That is an excellent tip and I can easily see how it would be effective for a new hole but wouldn't the drill tend to self-center if there is an existing pilot hole ?


----------



## EmilioG (May 3, 2015)

I don't know.  I've never done that.  I think the holes would come out elliptical and not round.
My tolerance is +0.020 - 0.000, so I think the 12.9 mm drill will work.  Thank you all.


----------



## TOOLMASTER (May 3, 2015)

i use 1/2" ..works fine


----------



## EmilioG (May 4, 2015)

For a 13 mm reamer, that's a lot of material to remove, .030.  That would put a lot of stress on a reamer
and shorten it's life I would think.  I wrote to Yankee Reamer and I'll let you know what they write.
For now, I have a 12.9 mm drill bit that I'm going to test first.
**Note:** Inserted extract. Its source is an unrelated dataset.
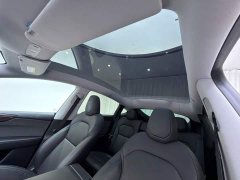 Tesla Model Y Rear-Wheel Drive - ფოტო 12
Thanks.


----------



## w9jbc (May 4, 2015)

typically 0.015 is what was considered reaming tolerance on the automatics


----------



## EmilioG (May 4, 2015)

Yankee reamer wrote back and suggested using a 12.5 mm drill.  He wrote that most drills will
leave an oversize hole, or use a 31/64" drill followed by an undersize 1/2" reamer then finish with the 13mm reamer.
The 12.9 mm drill leaft the 13 mm hole oversize, 13.02 mm, which is fine for my project.  It's a loose slip fit manifold type part.


----------



## EmilioG (May 6, 2015)

Here are my results.  I used a 31/64" stub length drill bit to open the initial starter hole.
Then  I used a 1/2" AP undersize reamer and finished with an AP 13mm reamer.  I got a nice smooth hole
.006 over.   The 12.9 mm drill was giving me .020 over.  In the future I will use a 12.5 mm drill instead of the
1/2" undersize reamer.


----------